▸ Activity: What are the lines from the top of the entries below through the line containing "HSSC Gram Sachiv"? Return them exactly, both ends included, without the pictures.

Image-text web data
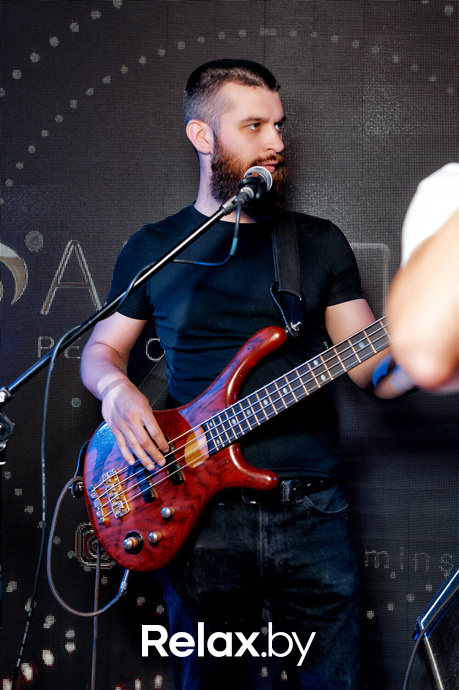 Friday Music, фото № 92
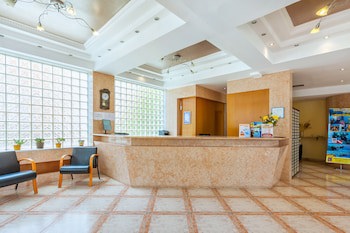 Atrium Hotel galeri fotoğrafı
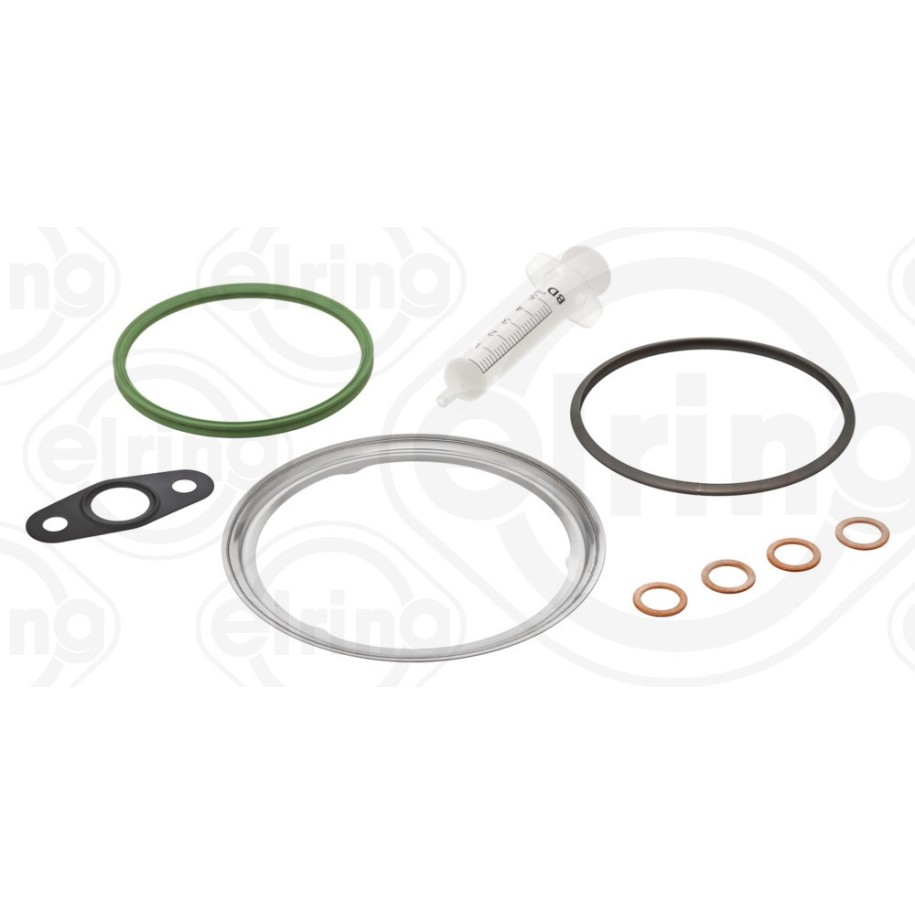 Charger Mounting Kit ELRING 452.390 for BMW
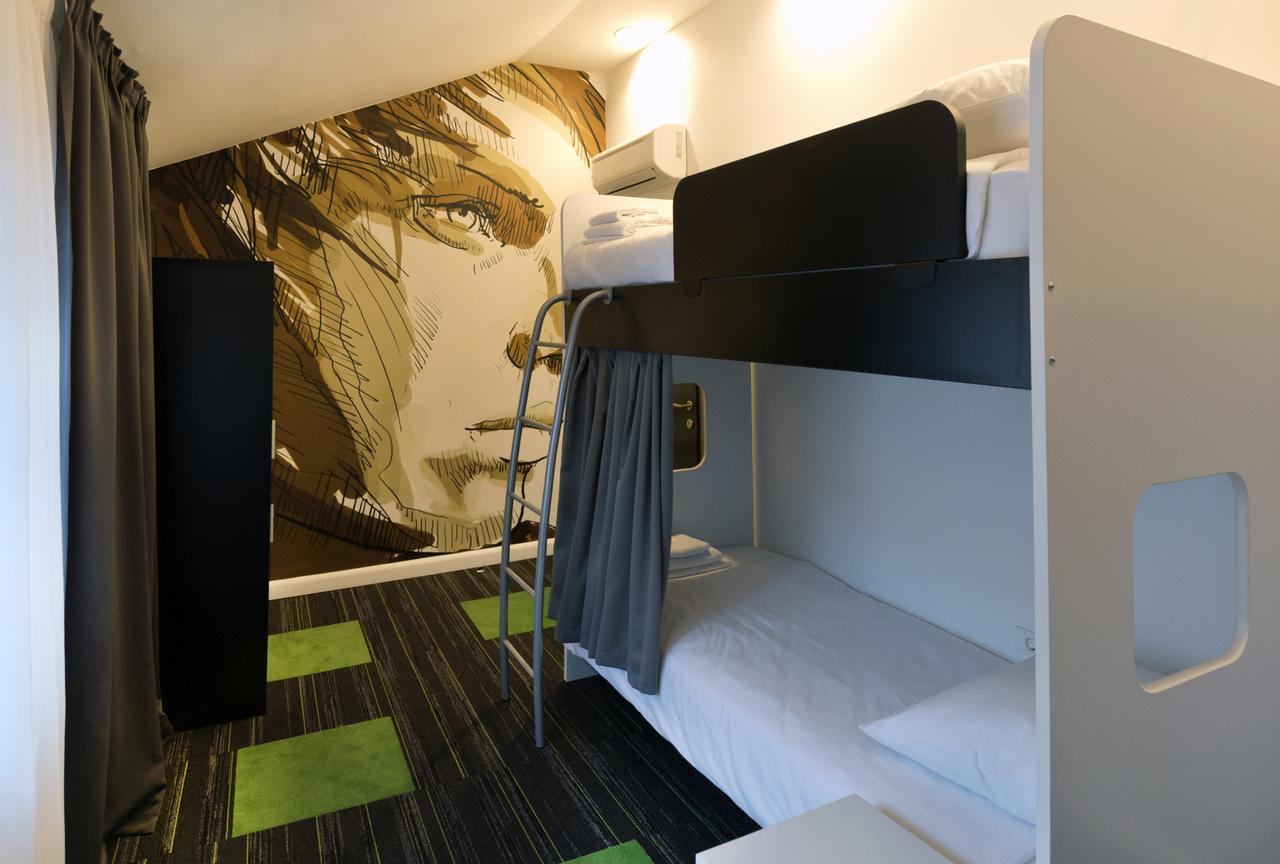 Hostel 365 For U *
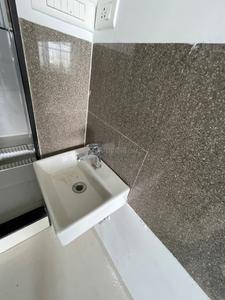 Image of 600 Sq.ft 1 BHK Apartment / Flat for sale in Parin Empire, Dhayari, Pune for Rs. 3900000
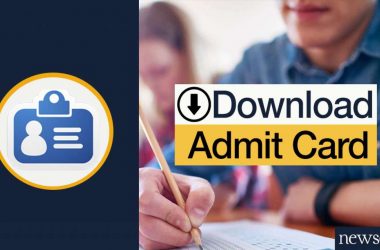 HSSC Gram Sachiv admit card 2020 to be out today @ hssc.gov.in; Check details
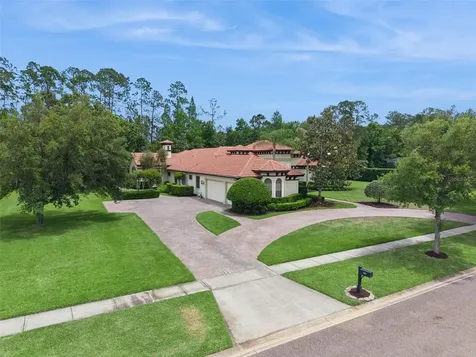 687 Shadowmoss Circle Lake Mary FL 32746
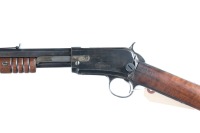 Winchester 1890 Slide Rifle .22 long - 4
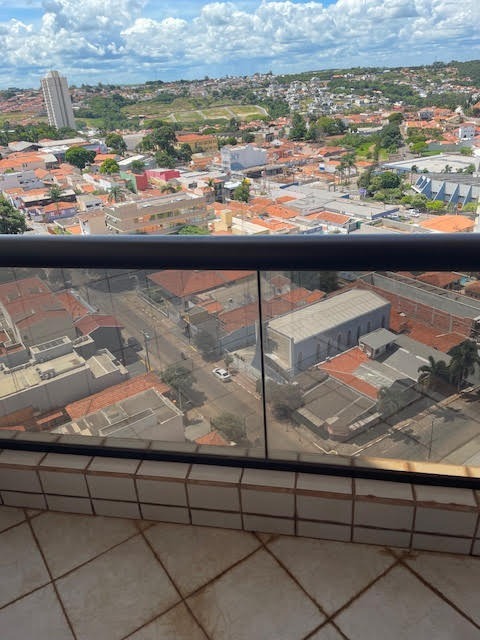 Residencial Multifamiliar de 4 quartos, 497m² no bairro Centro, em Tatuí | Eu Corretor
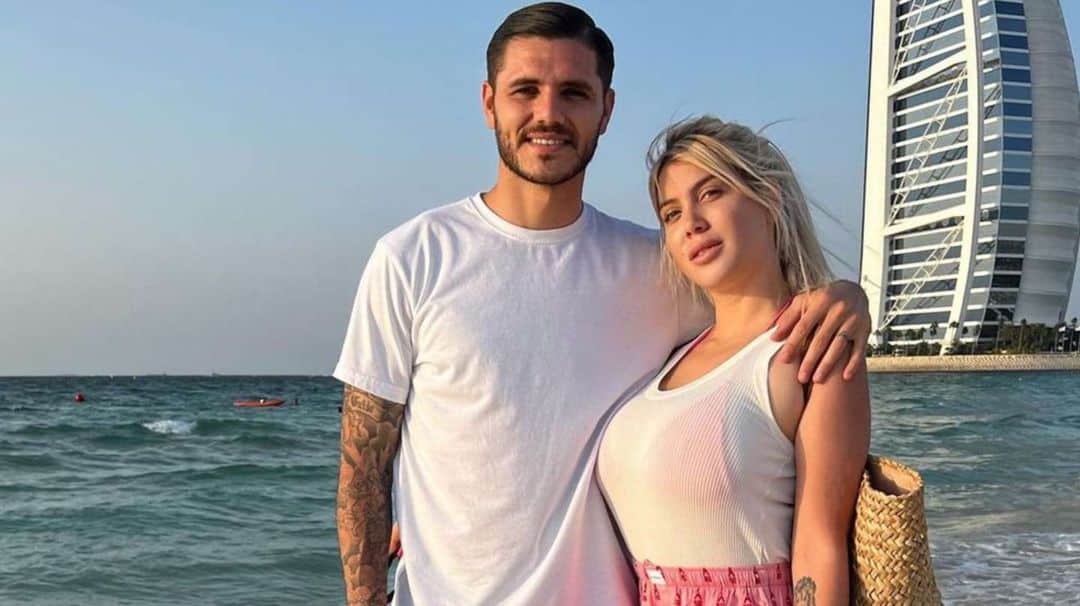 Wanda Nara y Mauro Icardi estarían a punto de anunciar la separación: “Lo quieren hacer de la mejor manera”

▸ Response area:
 Friday Music, фото № 92
 Atrium Hotel galeri fotoğrafı
 Charger Mounting Kit ELRING 452.390 for BMW
 Hostel 365 For U *
 Image of 600 Sq.ft 1 BHK Apartment / Flat for sale in Parin Empire, Dhayari, Pune for Rs. 3900000
 HSSC Gram Sachiv admit card 2020 to be out today @ hssc.gov.in; Check details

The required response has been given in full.